Tuesday, February 21, 2012

Top 10 Elmore Leonard books: #8

The most recent entry on the list and in some ways the book he was born to write.

8. The Hot Kid, 2005

It seems fitting that Elmore would write a book about the Prohibition/Depression Era, which he grew up in during his early years. You just didn’t think it would take close to 55 years since his debut to write one. Nevertheless, it is a wondrous piece of work and easily the best book he has written in the 21st Century.

Like last week’s Get Shorty, the book deals with a number of characters looking for fame and fortune. Difference is fame and fortune often comes with the caveat of death. Jack Belmont, the antagonist of the novel, has no qualms about death as long as he’s the one dealing. He’s not the sharpest tool in the shop, but what he lacks for in brains he more than makes up for in tenacity and violent aggression.

The protagonist, Carlos Webster, isn’t too far removed from Belmont. The difference being he’s a U.S. Marshal and is more likely to deliver violence to those who deserve it. In a lot of ways, he’s very similar to Raylan Givens, who would have been right at home in the 1920’s setting. Carlos is a little more restrained and a little more aware, but the parallels are obvious and hard to ignore.
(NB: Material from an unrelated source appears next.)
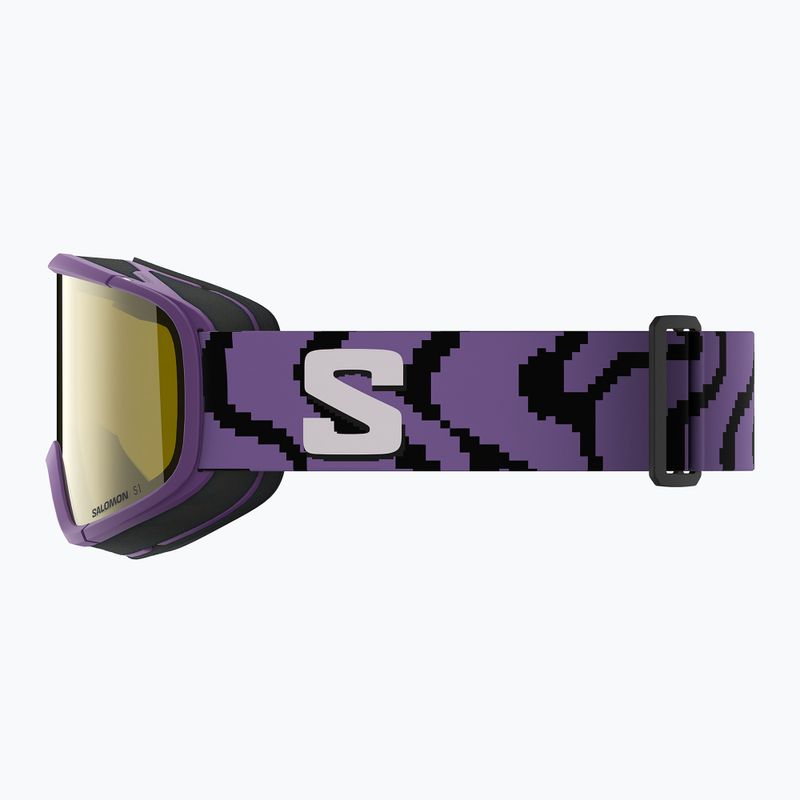Ochelari de schi pentru copii Salomon Lumi Acces Jr S1 pansy/flash yellow 4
Leonard even has some fun with a little self-awareness in Tony Antonelli, who has a habit of breaking the rules Elmore Leonard set down in 2000. Antonelli, like the others, is looking to strike it big, but he’s more comfortable on the sidelines and orating in such a way that calls attention to the writer instead of the story. Practice makes perfect. Elmore cut his teeth in the Western genre for close to two decades and he had his share of bumps along the way, but he learned the game and in an interesting way he’s come full circle with this book.
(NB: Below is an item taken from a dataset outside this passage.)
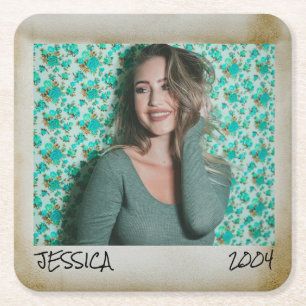 Aangepaste Foto & Tekst, Foto Lijst Kartonnen Onderzetters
While Leonard spends more time with backstory than he has in previous novels, the vignettes and characters are among his strongest and Leonard’s love of the prohibition/depression era and the characters and myths and heroes are front and center.

Fun fact: Veterans of Leonard’s novels will of course recognize Carlos Webster’s father Virgil as one of the main characters of his 1998 novel Cuba Libre.

Monday, February 13, 2012

Top 10 Elmore Leonard books: #9

Arguably the most well-known of Elmore's books slides into the #9 slot.

9. Get Shorty, 1990

By 1990 the “Dickens of Detroit” had found a second home in Miami for his novels, which served as the primary setting for many of his works in the 1980’s. Get Shorty starts in Miami before going to his unofficial “third” home: Los Angeles. His debut on the West Coast is a great look at the people looking to strike it rich in Tinseltown. The book isn’t quite as overt or as funny as the very good 1995 film by Barry Sonnenfeld, but as a story it still works.

Chili Palmer, introduced to us in one of those long first chapter intros that has been a Leonard trademark for years, has dreams and aspirations of hitting it big in Hollywood. He has a good story, drawn mostly from real life, and characters like Harry Zimm, Karen Flores and Leo Devoe, our hapless, “dead” drycleaner who gets the story rolling, are among the people he encounters looking for a second lease on life. Or at least a brief flash of glory.

Harry Zimm, who is a notch or two below “B” movies, sees a chance at the big time with an original screenplay that has Oscar potential and an A-list star interested. Problem? He’s got limo drivers who deal drugs on the side on his ass over investment money he wasted trying to buy the “legit” property. He also has trouble making inroads to the “A” list star, Michael Weir, who happens to be Karen’s ex (Harry also used to be in a relationship with Karen) because he isn’t on the “ins” with mainstream Hollywood.

Chili’s impact on these characters is what keeps the story going and the individual scenes make up for some of the scenes involving Bo Catlett and Bones, who aren’t quite as interesting as the rest of the characters.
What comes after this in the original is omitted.